▸ **Information**
****************

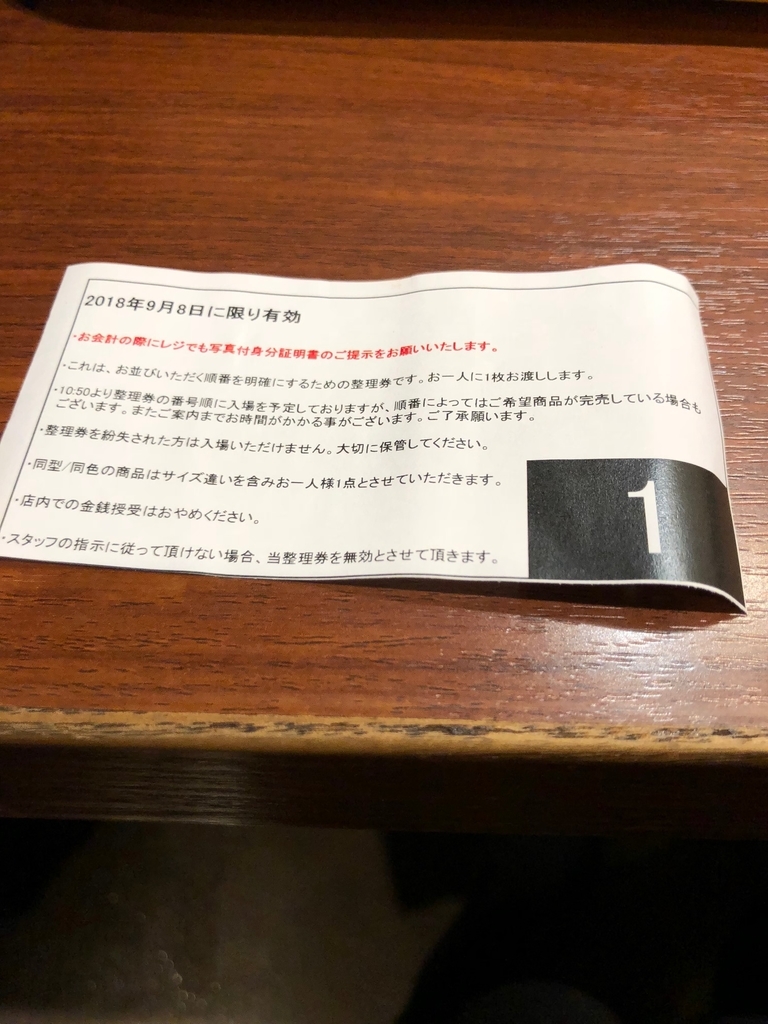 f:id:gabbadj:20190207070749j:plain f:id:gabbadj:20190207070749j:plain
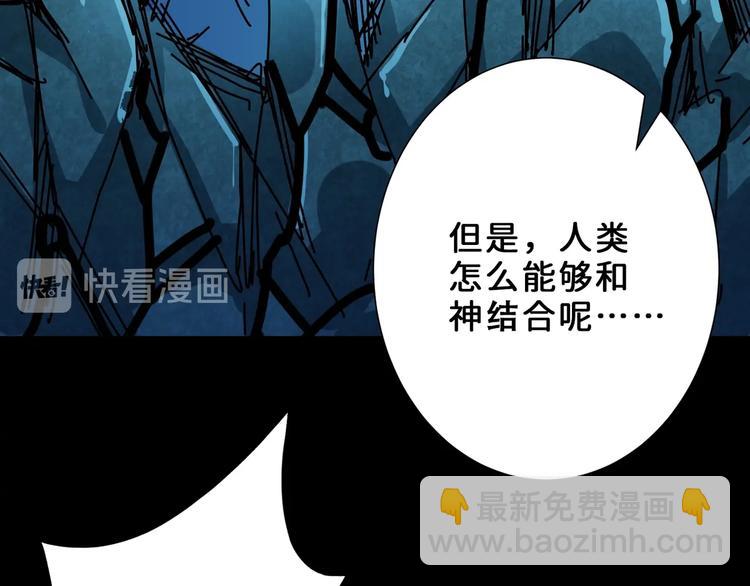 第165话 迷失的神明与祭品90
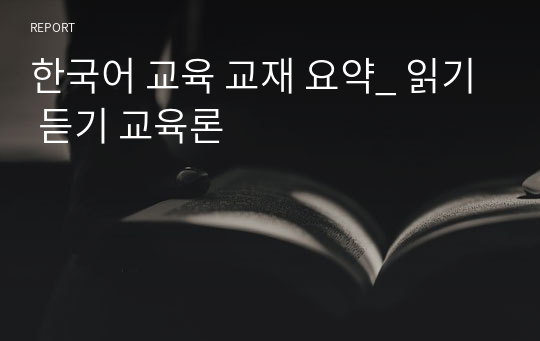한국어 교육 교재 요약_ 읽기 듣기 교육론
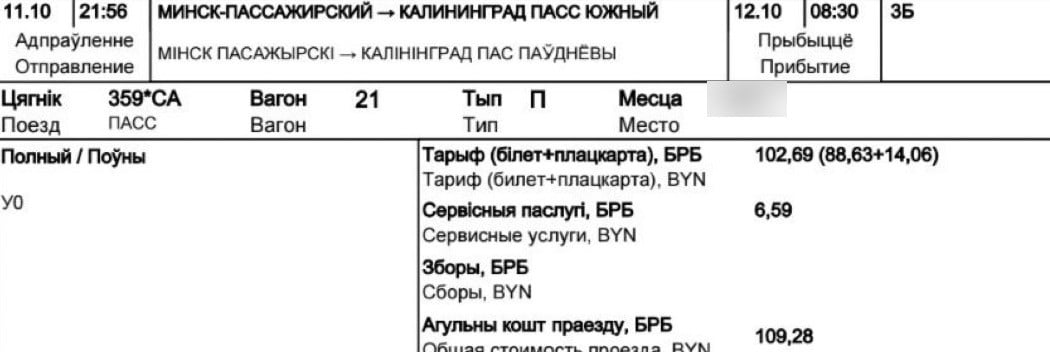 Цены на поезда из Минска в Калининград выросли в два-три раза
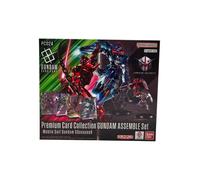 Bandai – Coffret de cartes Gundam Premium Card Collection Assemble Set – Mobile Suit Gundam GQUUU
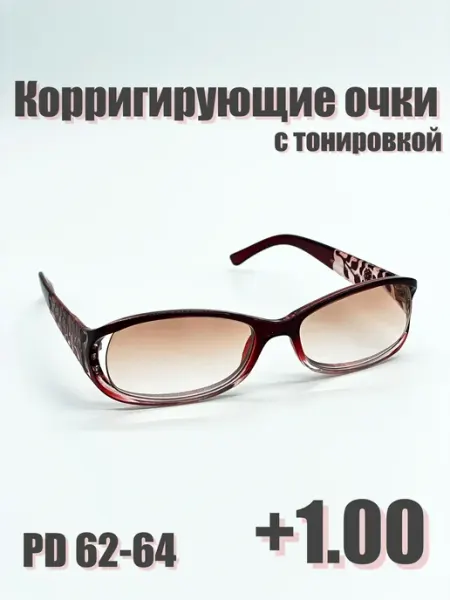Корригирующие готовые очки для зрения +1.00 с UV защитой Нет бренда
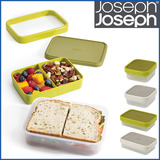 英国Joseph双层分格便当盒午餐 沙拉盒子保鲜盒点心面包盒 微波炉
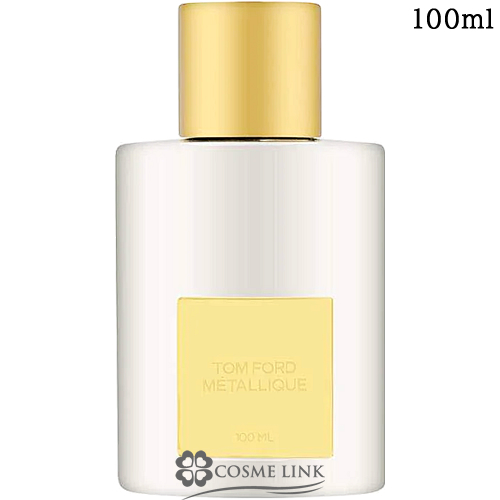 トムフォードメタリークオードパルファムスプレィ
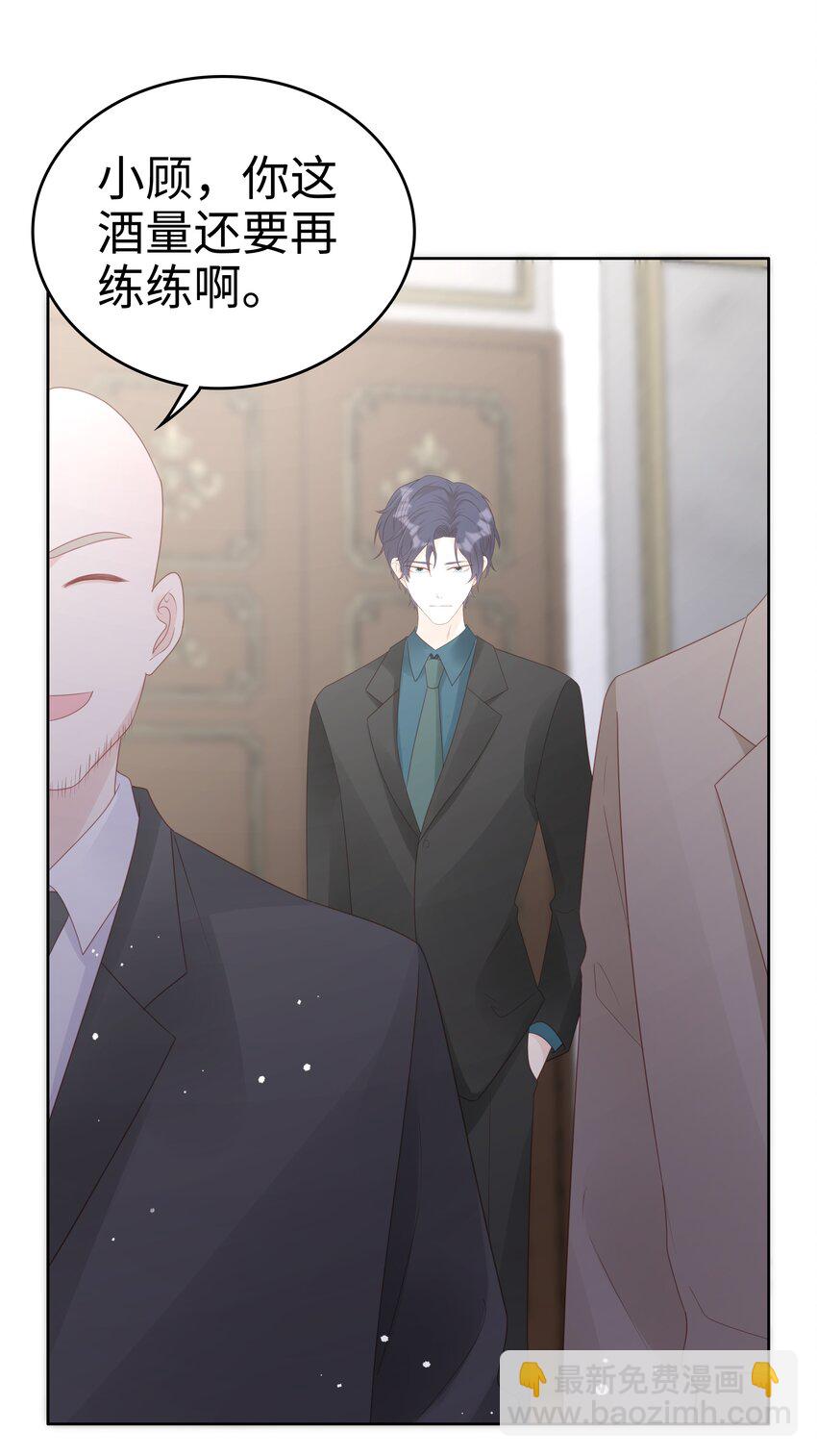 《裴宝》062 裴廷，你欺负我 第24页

****************

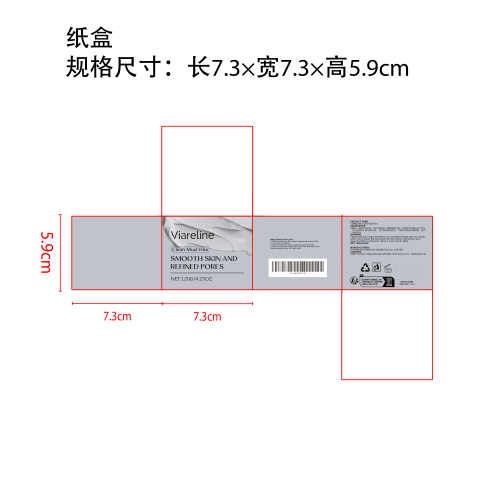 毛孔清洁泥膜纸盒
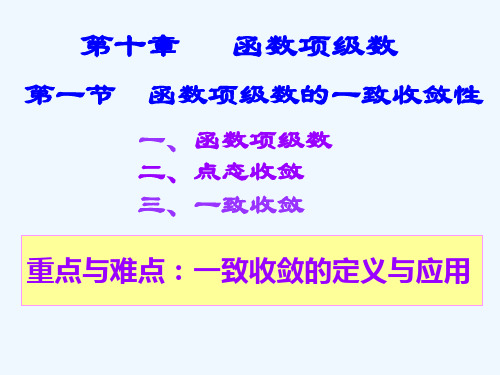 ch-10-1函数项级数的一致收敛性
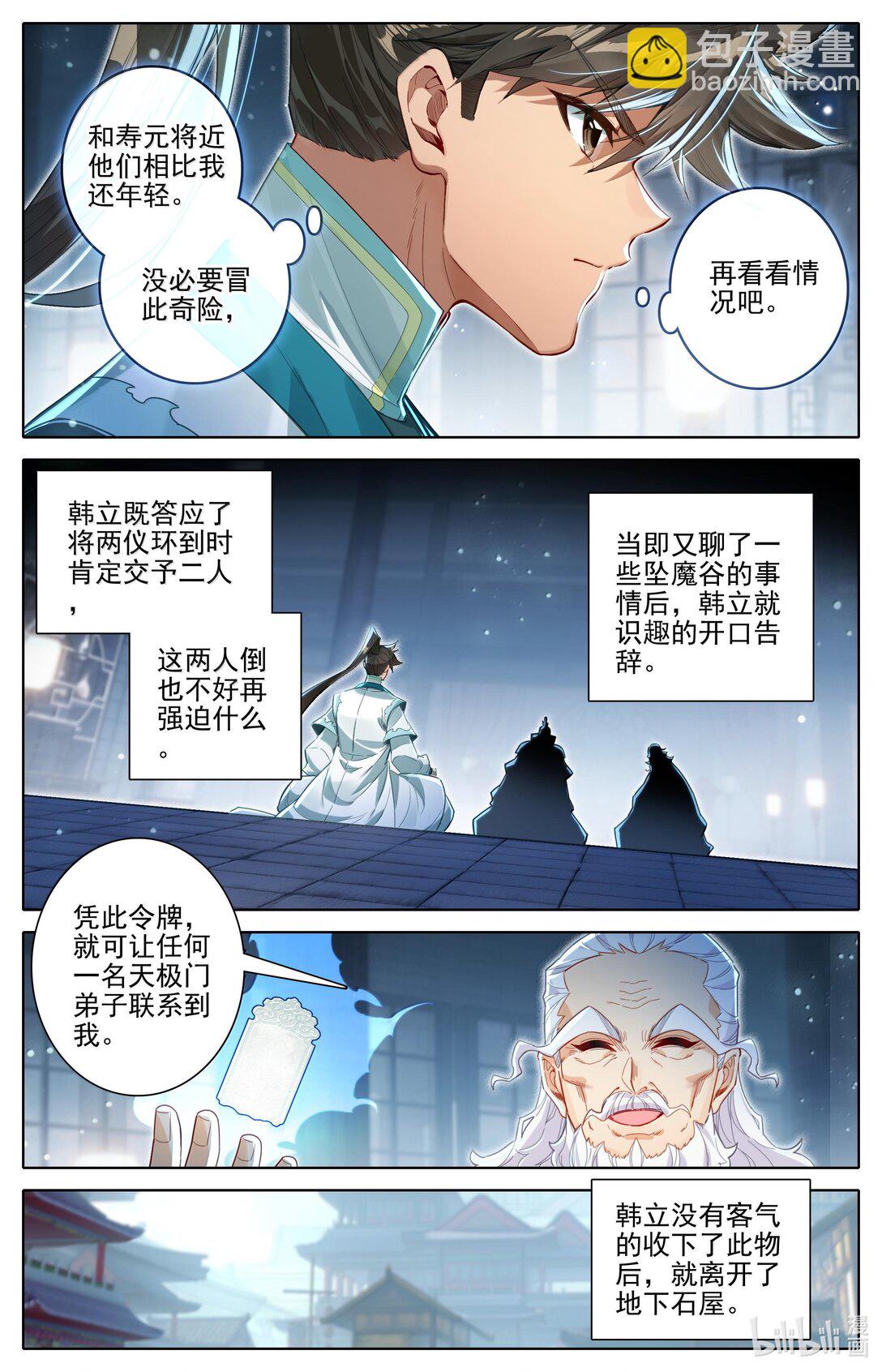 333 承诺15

****************

With the pictures left out, write out exactly the lines above from the one containing "第165话 迷失的神明与祭品90" through the one containing "Корригирующие готовые очки".

 第165话 迷失的神明与祭品90
한국어 교육 교재 요약_ 읽기 듣기 교육론
 Цены на поезда из Минска в Калининград выросли в два-три раза
 Bandai – Coffret de cartes Gundam Premium Card Collection Assemble Set – Mobile Suit Gundam GQUUU
Корригирующие готовые очки для зрения +1.00 с UV защитой Нет бренда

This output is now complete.